Aline Hochscheid: Es waren sicherlich anstrengende, aber auch sehr schöne dreieinhalb Jahre bei der “Verbotenen Liebe”. Ich habe noch immer Kontakt zu einigen Leuten von damals, die heute aus meinem Freundeskreis nicht mehr wegzudenken sind. Außerdem hatte ich, als ich bei VL anfing, keinerlei Dreherfahrung und habe dort sehr viel gelernt. Da ich bereits von der Soap bis hin zum Kinofilm in allen Formaten gespielt habe kann ich sagen, dass jede Art von Dreharbeiten grundsätzlich sehr viel Energie, Konzentration und Anstrengung erfordern, allerdings in unterschiedlichen Bereichen. Bei einem Soap Format geht es darum möglichst viele Filmminuten an einem Tag zu produzieren. So entsteht pro Tag Material für etwas mehr als eine Folge. Man muss als Schauspieler fähig sein diesem Druck stand zu halten, man muss Szenen sehr schnell begreifen und umsetzen können, um in einem solchen Format zu bestehen. Durch diesen Zeitdruck bleibt jedoch so gut wie keine Zeit einzelne Szenen in Ruhe zu besprechen und zu proben, das fand ich sehr schade. Die intensive Arbeit an den Figuren und Szenen hat mir dort gefehlt.
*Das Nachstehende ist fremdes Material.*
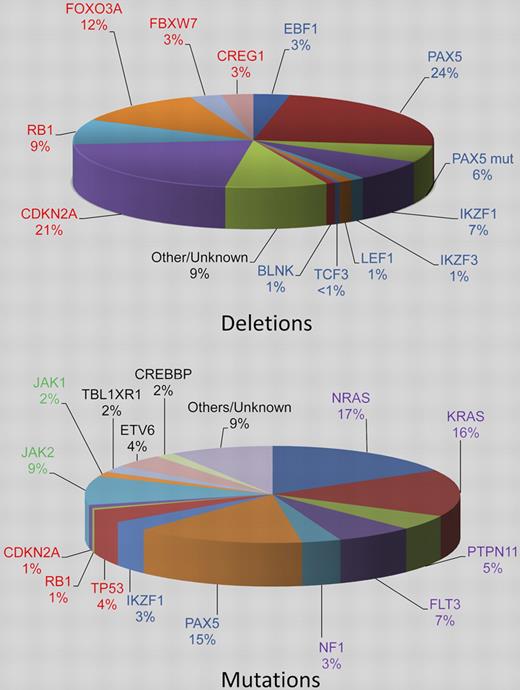 Pie charts estimating the relative incidences of deletions and somatic mutations in the key signaling pathways in childhood BCP-ALL. The genes are color coded according to the pathway to which they belong: B-cell differentiation and development, blue; TP53/RB1, red; Ras signaling, purple; JAK/STAT, green, noncanonical pathways and other/unknown genes, black. Deletions in the top chart are shown for the B-cell differentiation and development and TP53/RB1 pathways only and the percentages are estimated from data in 3 publications.3–5 The PAX5 mutation rate stated by Mullighan et al3 is given (PAX5 mut). The relative incidences of the mutations in the bottom chart are estimated from Zhang et al.1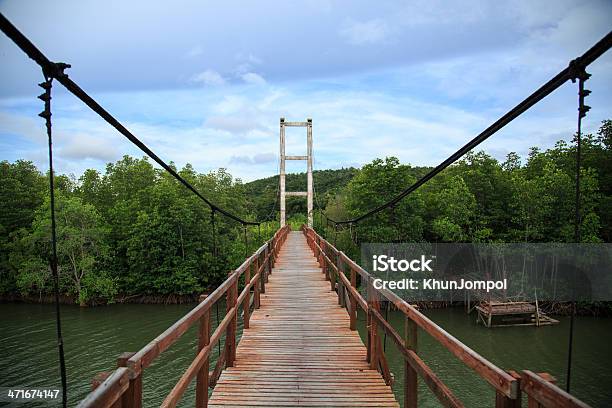 Madera Puente Colgante Al Estuario De Manglar Foto de stock y más banco de imágenes de Agua - Agua, Aire libre, Aventura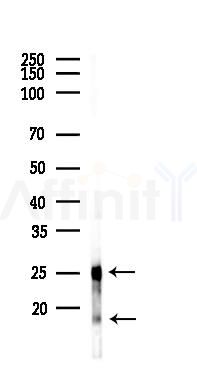 NKG7 Antibody - Western blot analysis of lysates from PC12 cells(LPS 4h treatment), using NKG7 Antibody at 1/1000 dilution.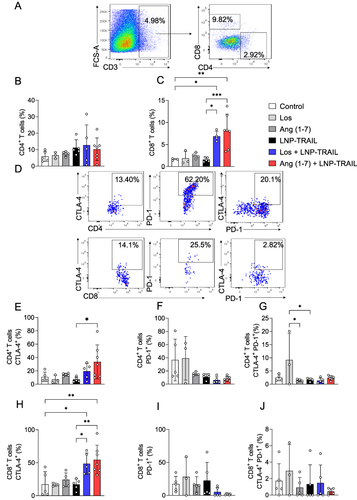 Figure 7 LNP-TRAIL combined with TME normalization enhances cytotoxic T lymphocyte response and reduces tumor progression. (A) Gating strategy for identification of CD8+ T cells within CD3+ live cells. Frequency quantification of live tumor-infiltrating (B) CD4+ T and (C) CD8+ T cells (n = 3–7 samples/group). (D) Representative dot plots of the relative levels of CTLA-4 and PD-1 in tumor-infiltrating CD4+ and CD8+ T cells of the Los + LNP-TRAIL group. Frequency quantification of (E) CTLA-4 and (F) PD-1 in tumor-infiltrating CD4+ human T cells (n = 3–7 samples/group). (G) Co-expression of CTLA-4 and PD-1 in tumor-infiltrating CD4+ T cells (n = 3–7 samples/group). Frequency quantification of (H) CTLA-4 and (I) PD-1 in tumor-infiltrating CD8+ human T cells (J) Co-expression of CTLA-4 and PD-1 in tumor-infiltrating CD8+ T cells (n = 3–7 samples/group). Data are presented as mean ± SD. One-way ANOVA followed by Tukey’s multiple comparison test (*p < 0.05; **p < 0.01; ***p < 0.001).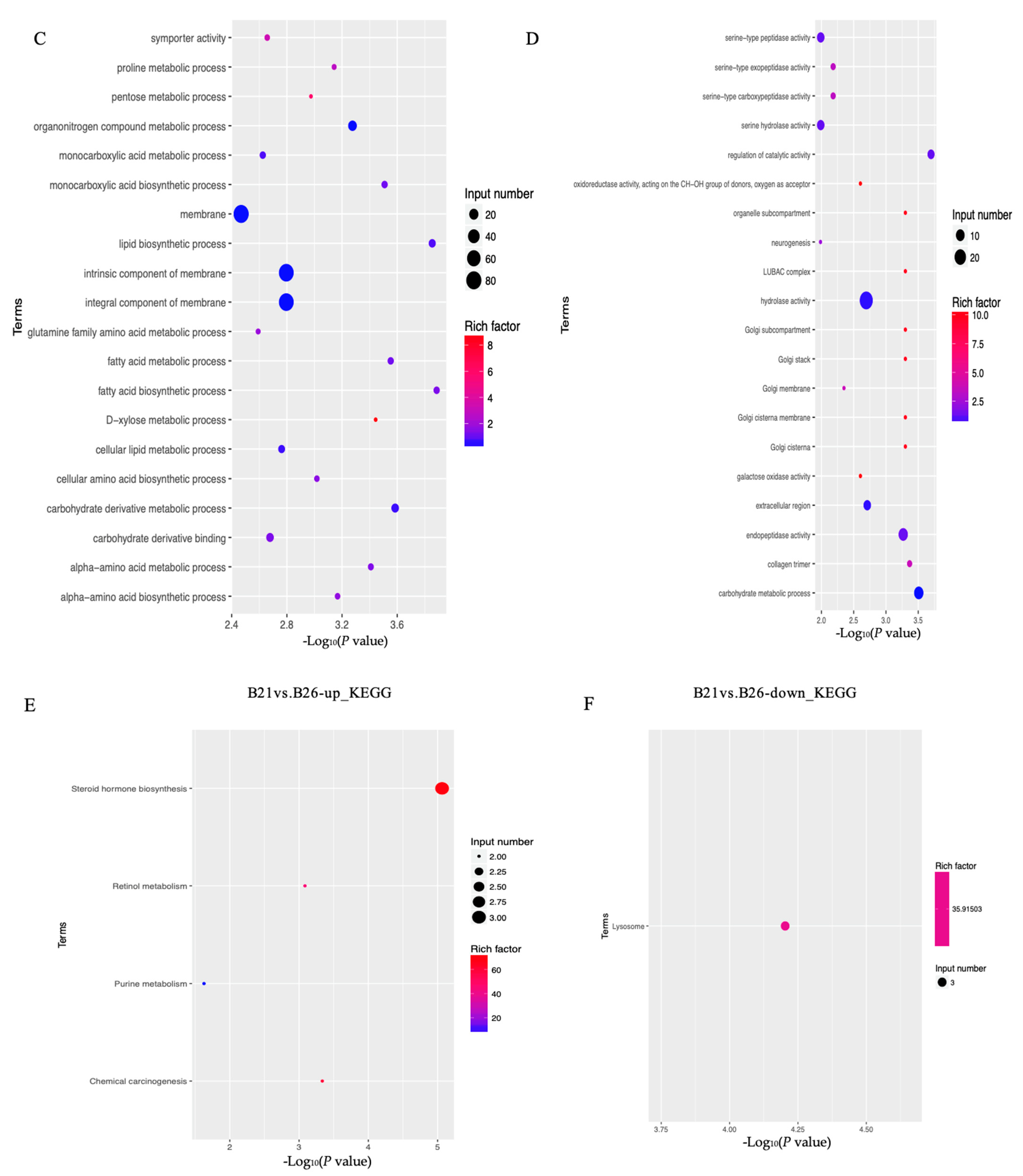 Genes 14 01978 g002b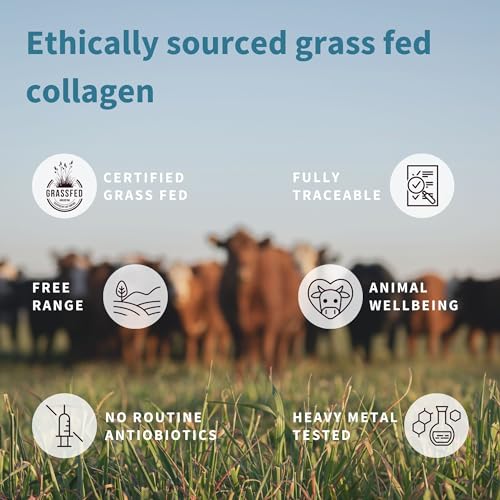 Hydrolyzed Bovine Collagen Peptides Powder, Types 1, 2 & 3, Non-GMO, Gluten & Dairy Free V973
Eines der Dinge, die ich an meinem Beruf am liebsten mag ist immer wieder an neue Sets zu kommen und dort jedes Mal auf neue, dem jeweiligen Dreh eigene Bedingungen zu stoßen.

Norman Habenicht: Daily Soap, TV-Serien, TV-Filme, Kino. Sie haben mittlerweile schon fast alle Facetten Ihres Berufs kennenlernen dürfen. Welche Form der Dreharbeiten gefällt Ihnen persönlich am besten und warum?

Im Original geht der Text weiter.